Weekly/Monthly Total _______________________

Total Investments                   _____________________________________________________

    Total _______________________

Now that you know where you are with your expenses (hopefully you are making more than you are spending), we can move to step two.

Set your own financial goals

What do you like about your current financial status? What do you dislike about it?

Set your own personal goals about where you want to in the next couple months, in the next year, 5 years, and maybe even 20 years.

Do you want to retire? 

What are your priorities in life?

For example, you may have a goal to retire young, but you prioritize traveling as well. To many people, these two goals don’t seem compatible for the average person. In reality, once you identify your priorities and how you’re going to reach them, anything is achievable!

Identify what you want to do, and set forth to make it happen. Set short-term and long-term goals to keep yourself on track.

Setting a budget

This is the part that most people already know. If you ever took a high school finance class, you know what to do here. Luckily, we already did the first step! Using the data you already compiled from your expenses, create an outline identifying only your essential expenses. Figure out what you need to have at the bare minimum to live your preferred standard of living while keeping your goals in mind.

If your goal is to spend less money on clothes, then make sure your budget reflects that. This part is very tuned to your personal spending habits. Make sure your budget is realistic and reachable. If your goal is to cut your overall spending in half, you may have to set short-term budgets first. A goal like that could be overwhelming and easily demotivate. Keep yourself on track by first reducing each spending category little by little every month until you hit your goal.

Invest in yourself

This is the only rule that does not need to be personalized by each individual. Investing in yourself is the only thing that every single person should do. Now when I say invest in yourself, I mean invest in your future.

If anywhere on your goal list you plan on retiring, making or saving money, or have long-term spending ambitions, investing in stocks is crucial to make that happen.

To make it easy, just start by investing 10% of your weekly income. Start by setting up recurring investments into long-term holdings. Depending on your budget, you can change this amount as much as you want but 10% should be your standard minimum. 

Investing in long-term investments that incur dividend payout will create compound interest which leads to exponential growth. If you are new to investing, start by finding a topic or market that you are personally interested in like gaming, retail, or cryptocurrencies. For example if bitcoin is something you are interested in, start watching the market for when it is low and buy-in. A great tool for investing in bitcoin is using Fold. The Fold debit card gives you bitcoin with every purchase to easily start your portfolio!

Remove debt

Debt is far too common in our society today. It’s never been so easy to compile and just as easy to ignore as it doubles with interest. Just because it is so common does not mean you should participate. Even the smallest amount of debt can add stress to one’s financial freedom.

Take a deeper look at your debts. Are you still financing your car? Do you have credit card debt on multiple cards?

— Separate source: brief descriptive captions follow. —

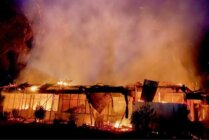 Kondisi Kantor Dinas Perindagkop Kepulauan Yapen, Provinsi Papua saat terbakar pada Kamis, 8 Februari 2024. (Foto: Humas Polda Papua)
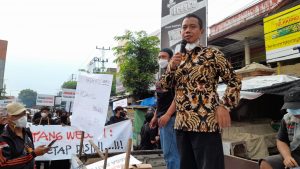 Keluarga Pedagang Pasar Weleri Gelar Aksi Damai, Minta Tempat Berjualan di Lokasi Lama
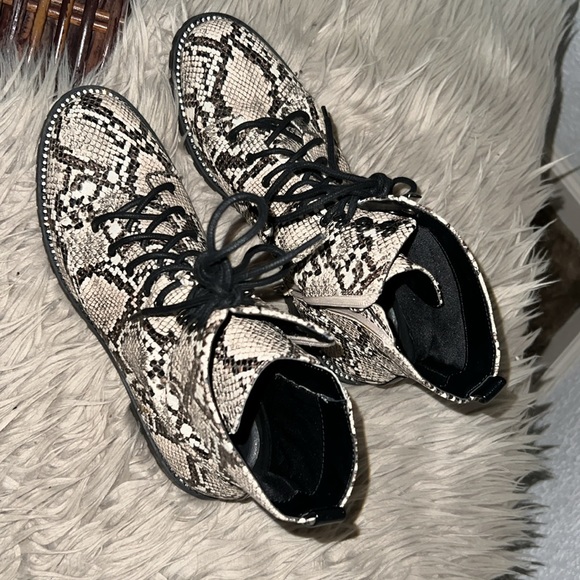 Snake skin Boots from EXPRESS. They are black and cream colored. Have been worn. - Picture 3 of 10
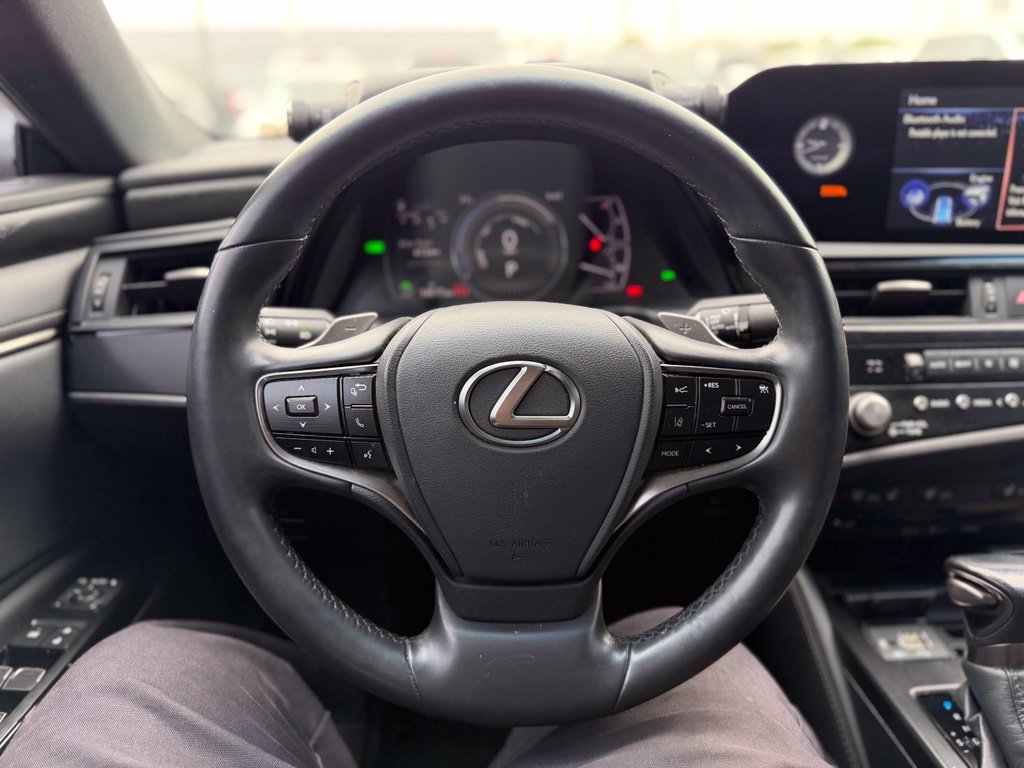 Used 2022 Lexus ES 300h w/ Premium Package FWD image 6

If you can’t remove your debt today, make a plan to remove it by a certain date. 

Once you can remove debt from your life, the freedom may surprise you!

Accountability

Of course, none of this makes a difference if you only do it one time and never think of it again. Keep yourself accountable for each of your goals and remember your priorities. If you have big goals that may require dramatic changes, create a schedule to follow up consistently on your progress. This will help you to visualize your progress to keep you on the right path!

The outcome

After each of these steps, you should feel a lot more comfortable with where you are with your finances. Each step brings a new perspective to how you spend and save your money. Before you know it, you’ll have reached your goals and made a lifestyle out of the process! The next step? Start over the process and create your next goals to go along with your new, financially free life!